The wrong button

Yesterday people in Hawaii were minding their own business when suddenly many of them were informed there was an incoming ballistic missile.

According to a timeline released by the state, the alert was triggered at 8:07 a.m. local time when, during an internal drill, an employee hit the wrong button. For 13 minutes it went uncorrected, until the emergency management agency sent an update on social media.

So that was an unpleasant 13 minutes for those people.

Many reported first hearing that the alert was a mistake from the Twitter account of Rep. Tulsi Gabbard (D-Hawaii).

Her tweet went out within about 15 minutes of the false alarm to her 174,000 followers. She was probably the first well-known authority figure to inform the public that there was no need to panic. News outlets picked up that clarification and spread it widely.

Trump, on the other hand…not so much. He was busy playing golf at the time. Three hours later he sent an urgent tweet about how the Fake Media are mean to him.

The White House did release a statement, well after the alert was revealed to be incorrect.

“The President has been briefed on the state of Hawaii’s emergency management exercise,” it read. “This was purely a state exercise.”

Well, they say he was briefed, but actually he was composing that Fake News tweet in his head instead of listening.

Consider his responses. First that statement, which has one obvious aim: To assure the American people that it wasn’t hisfault that the false alert went out — it was Hawaii’s. Then, that tweet, which shows what was preoccupying the president at the moment. Not that one of the 50 states had been briefly wracked with terror after a mistake was made by the people whose job it is to keep them safe. Instead, an insistence to the American people that the media is “fake news,” which was probably a response to the reports that trickled out bolstering a story from the Wall Street Journal that Trump had allegedly paid hush money to a porn star with whom he’d had an affair.

That was the thing that Trump urgently wanted to clear up: The media couldn’t be trusted when it reported on him.

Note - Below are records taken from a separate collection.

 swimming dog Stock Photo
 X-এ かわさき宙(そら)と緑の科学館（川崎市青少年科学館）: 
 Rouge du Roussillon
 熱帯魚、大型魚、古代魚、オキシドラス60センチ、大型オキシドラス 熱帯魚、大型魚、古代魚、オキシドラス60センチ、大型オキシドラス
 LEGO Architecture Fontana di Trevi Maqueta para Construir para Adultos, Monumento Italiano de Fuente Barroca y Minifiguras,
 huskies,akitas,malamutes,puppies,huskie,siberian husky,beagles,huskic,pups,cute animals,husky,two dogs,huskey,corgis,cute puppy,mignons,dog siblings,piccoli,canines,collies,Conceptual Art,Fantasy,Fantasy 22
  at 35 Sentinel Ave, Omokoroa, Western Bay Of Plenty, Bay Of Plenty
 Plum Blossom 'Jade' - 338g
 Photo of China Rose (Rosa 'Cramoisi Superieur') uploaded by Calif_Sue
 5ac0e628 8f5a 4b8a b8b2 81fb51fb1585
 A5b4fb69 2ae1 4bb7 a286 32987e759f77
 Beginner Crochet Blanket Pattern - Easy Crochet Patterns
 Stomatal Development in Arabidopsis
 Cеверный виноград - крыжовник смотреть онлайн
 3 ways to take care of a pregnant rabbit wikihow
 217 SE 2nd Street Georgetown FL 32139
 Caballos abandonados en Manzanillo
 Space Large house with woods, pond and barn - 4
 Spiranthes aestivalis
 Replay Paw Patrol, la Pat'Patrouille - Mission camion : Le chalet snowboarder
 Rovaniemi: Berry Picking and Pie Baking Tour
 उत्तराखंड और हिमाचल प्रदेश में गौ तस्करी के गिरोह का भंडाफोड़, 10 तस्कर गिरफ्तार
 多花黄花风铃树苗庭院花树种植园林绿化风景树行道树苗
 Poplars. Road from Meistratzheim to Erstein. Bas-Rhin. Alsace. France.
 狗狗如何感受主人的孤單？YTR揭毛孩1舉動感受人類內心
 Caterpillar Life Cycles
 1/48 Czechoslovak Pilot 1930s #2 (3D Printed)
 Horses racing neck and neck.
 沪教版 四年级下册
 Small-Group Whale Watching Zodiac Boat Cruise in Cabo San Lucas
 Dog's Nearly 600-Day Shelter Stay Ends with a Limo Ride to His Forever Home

Trump could have tweeted as soon as possible that the alert was a false alarm, sharing that information with millions of Americans immediately. He could have additionally shared information about what went wrong, and assured people that he would work to make sure that no such error happened again in the future. He could, at the very least, have sought to offer some emotional support to the people of Hawaii. He did none of these. He has, as of writing, done none of these.

Why not? Because he doesn’t care. He cares about himself, and that’s it.

Since the beginning of his presidency, Trump has rarely assumed that traditional leadership role of the presidency. He’s always taken a hostile attitude toward those who opposed his candidacy, certainly, but he’s also been apathetic about stepping up more broadly to inform, guide and assure the American public. The primary concerns Trump conveys to Americans are about Trump: About how he’s being treated, about how well he is doing, about the media and his opponents and how he just wants to make America great again. The White House releases statements and, as he did on Friday in recognizing Martin Luther King Jr. Day, Trump will read them or tweet about them. But it’s clearly not where his heart lies.

His heart lies with the wonder and glory that is Donald Trump, real estate peddler and liar extraordinaire.